Never contradict him if he’s sure of something, the handbook told her. And make sure he never finds this handbook. Once the treatments are underway, this should be kept secret, because one day he’ll come home and he won’t remember why he left the house in the first place.

Now, Beth keeps her eyes shut because she can see him as clear as if he was in the room with her. She thinks about how her alarm hasn’t gone off yet, and how there’s something else. An intrusion into her sleep, because even as she dreams of Vic talking to her – holding her arms, however sore they might be, and telling her that it will all be all right, that all of this will be over soon – she can hear something else. In the background. A grind; machinery, road works. An engine, like a train. The noise of tank tracks. And then she realizes: it’s the Machine.

She opens her eyes and she’s in the spare bedroom, on the bed. She’s still in the t-shirt she sleeps in (one of Vic’s, bearing some obscure reference to a film that he used to love) and she’s not under the covers. The Machine is on, and the Crown has been removed from the dock, and is lying next to her on the bed.

No, she says. She sits up but her head swims, and she has to steady herself. She gets to the edge of the bed and taps the screen. She wonders if she deleted something from herself: she’s certainly thought about it before. Everything that gets deleted gets recorded, and she wouldn’t remember doing it. That’s the point. Even as she presses the buttons to take her to the recordings, she realizes that this is the furthest she’s been in the process. She doesn’t know how you would do it to yourself. Whether you’d just talk yourself through something, after pressing the COMMIT button; and how that would feel, talking yourself through to forgetting.

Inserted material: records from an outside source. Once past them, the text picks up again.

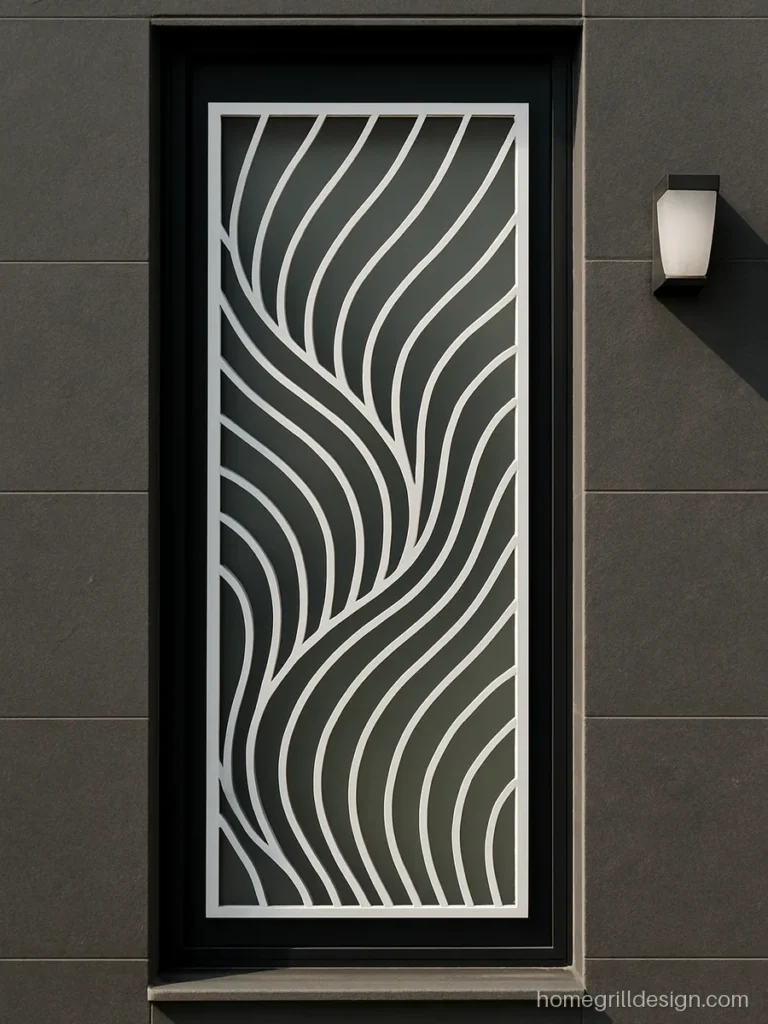 Laser cut wave pattern window grill in white on a staircase window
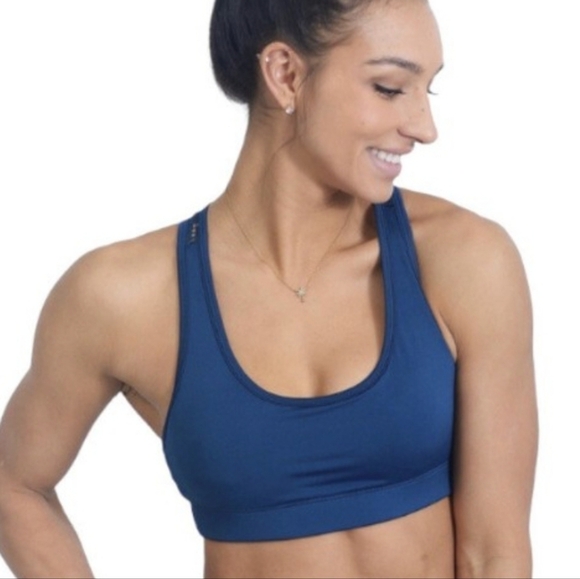 ZYIA Womens Navy Racerback Bomber Sports Bra With Lace Back Detail Size XXL - Picture 10 of 11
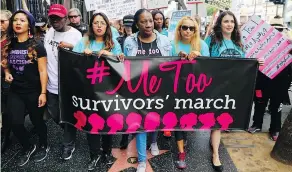  ?? DAMIAN DOVARGANES) (AP PHOTO/ ?? In this Nov. 1, 2017 file photo, participan­ts march against sexual assault and harassment at the #Metoo March in the Hollywood section of Los Angeles.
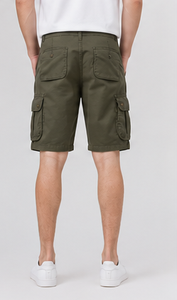 Mens Cargo Shorts <b>Canvas</b> Fabric Mid Waist Button Fly Closure Solid <b>Colour</b> - Product Image 4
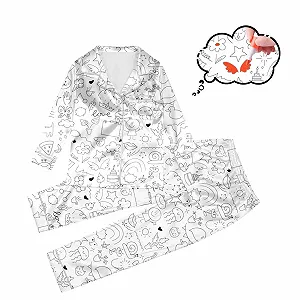 Детская пижама для раскрашивания Белый мультяшный принт synthetic.ua - Фото 1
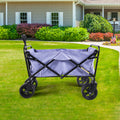 100L Collapsible Folding Beach Wagon Cart With 220Lbs Large Capacity, Wagons Carts Heavy Duty Foldable With Big Wheels For Sand, Garden, Camping Purple Garden & Outdoor Metal Waterproof Fabric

But there’s nothing. In the recordings section, there’s nothing. It’s blank, Vic’s stuff having been moved to the main memory. She’s grateful: she knows that, after a treatment, there’s no way she could have deleted the recording, so she’s clean. She wonders why this happened: how she moved rooms, and if she did this in her sleep. What she was trying to achieve. The Machine’s growl sounds like the rumbling of her stomach: morning hunger. She switches it off and pulls the cable from the wall.

In the kitchen she takes ibuprofen, gulps them down with a full glass of water, and stands by the sink, shaking. She splashes water onto her face. It’s still so early, an hour before she’d usually wake up. Already it feels hotter than the day before.

She spends the hour back in her own bed, staring at the ceiling. She doesn’t want to fall asleep – she’s not sure that she even could, with this headache – so she tries to concentrate on Vic again. On what he might be like when he’s at home, back with her. When she can work on him.

The headache remains. She telephones the receptionist and tells her that she won’t be in, because her head hurts so much that she can’t even see properly.

Migraines are worse in this heat, aren’t they? Beth agrees with her, even though she’s never had migraines before. This must be what it is. She dresses herself and leaves the house. Sunglasses on to protect from the glare, she walks to Tesco and goes to the pharmacy counter, and she asks them for tablets for a migraine. They make her fill out a form: she notices how much the pen shakes; she can barely hold it steady to sign the paper.